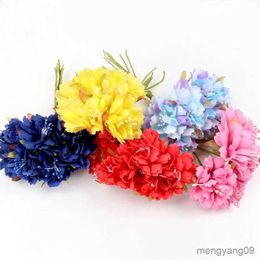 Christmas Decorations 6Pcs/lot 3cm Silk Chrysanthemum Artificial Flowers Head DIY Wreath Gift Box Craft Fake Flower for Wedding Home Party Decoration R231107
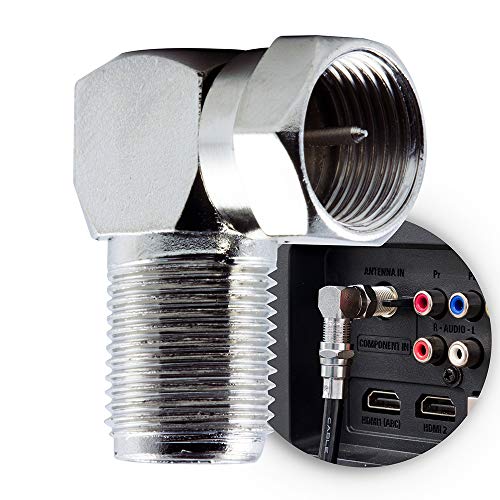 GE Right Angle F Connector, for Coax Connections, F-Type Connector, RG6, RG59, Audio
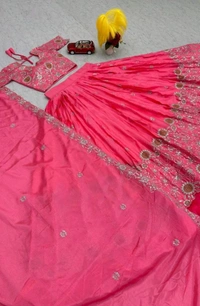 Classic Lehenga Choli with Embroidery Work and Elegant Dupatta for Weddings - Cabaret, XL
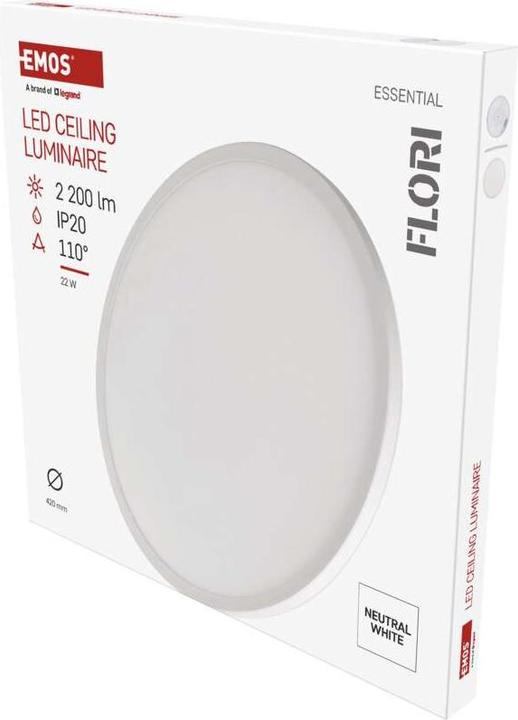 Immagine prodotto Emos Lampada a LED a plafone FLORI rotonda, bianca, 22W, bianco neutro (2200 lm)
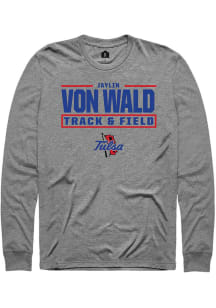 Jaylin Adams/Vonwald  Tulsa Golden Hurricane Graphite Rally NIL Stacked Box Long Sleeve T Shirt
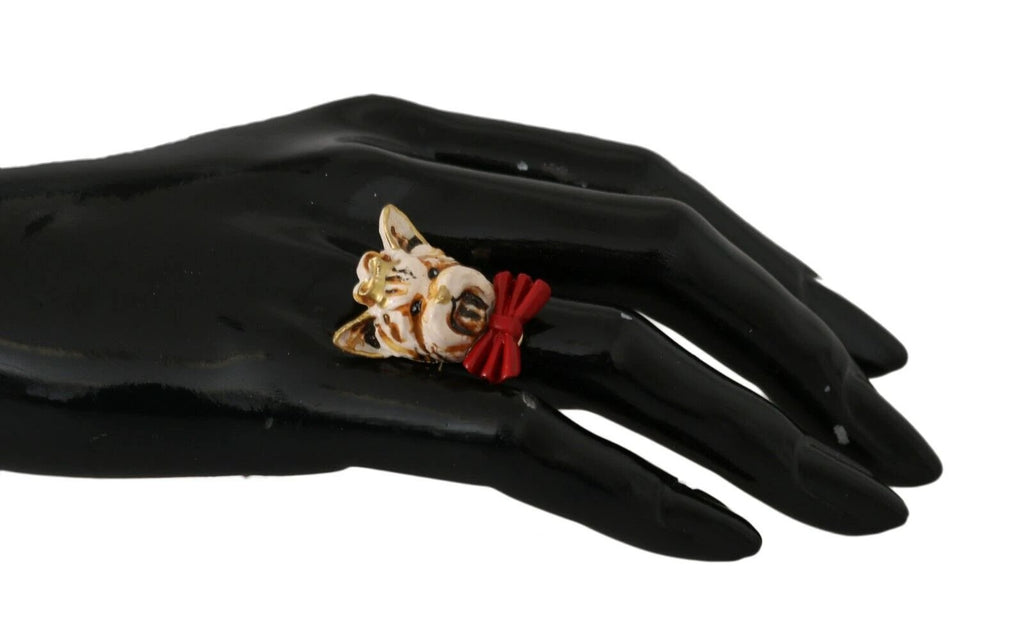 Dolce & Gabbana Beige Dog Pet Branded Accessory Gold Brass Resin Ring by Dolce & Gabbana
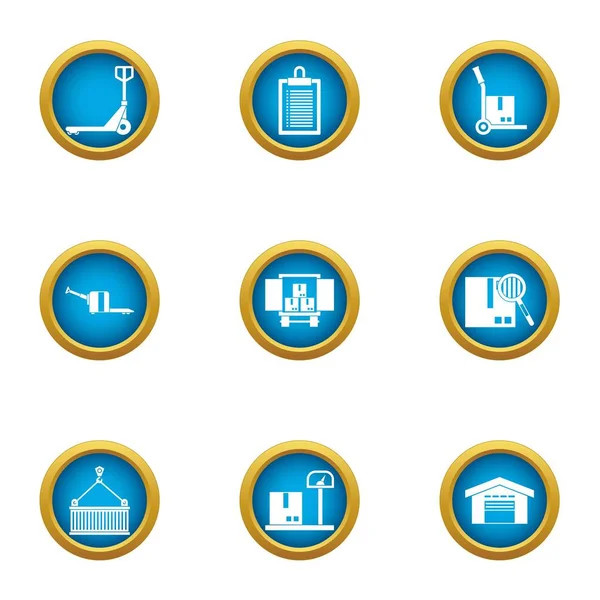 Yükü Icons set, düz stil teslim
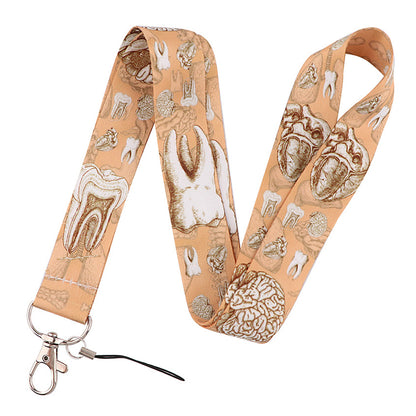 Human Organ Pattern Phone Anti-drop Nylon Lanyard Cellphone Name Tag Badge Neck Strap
::::::::
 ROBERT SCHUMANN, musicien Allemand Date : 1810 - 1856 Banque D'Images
::::::::
PROBLEM TO WORK ON:
The copy should hold exactly the lines above from the one with "Christmas Decorations 6Pcs/lot" through the one with "Human Organ Pattern", both ends counted, and no pictures at all.

ANSWER BOX:
 Christmas Decorations 6Pcs/lot 3cm Silk Chrysanthemum Artificial Flowers Head DIY Wreath Gift Box Craft Fake Flower for Wedding Home Party Decoration R231107
 GE Right Angle F Connector, for Coax Connections, F-Type Connector, RG6, RG59, Audio
 Classic Lehenga Choli with Embroidery Work and Elegant Dupatta for Weddings - Cabaret, XL
 Immagine prodotto Emos Lampada a LED a plafone FLORI rotonda, bianca, 22W, bianco neutro (2200 lm)
 Jaylin Adams/Vonwald  Tulsa Golden Hurricane Graphite Rally NIL Stacked Box Long Sleeve T Shirt
 Dolce & Gabbana Beige Dog Pet Branded Accessory Gold Brass Resin Ring by Dolce & Gabbana
 Yükü Icons set, düz stil teslim
 Human Organ Pattern Phone Anti-drop Nylon Lanyard Cellphone Name Tag Badge Neck Strap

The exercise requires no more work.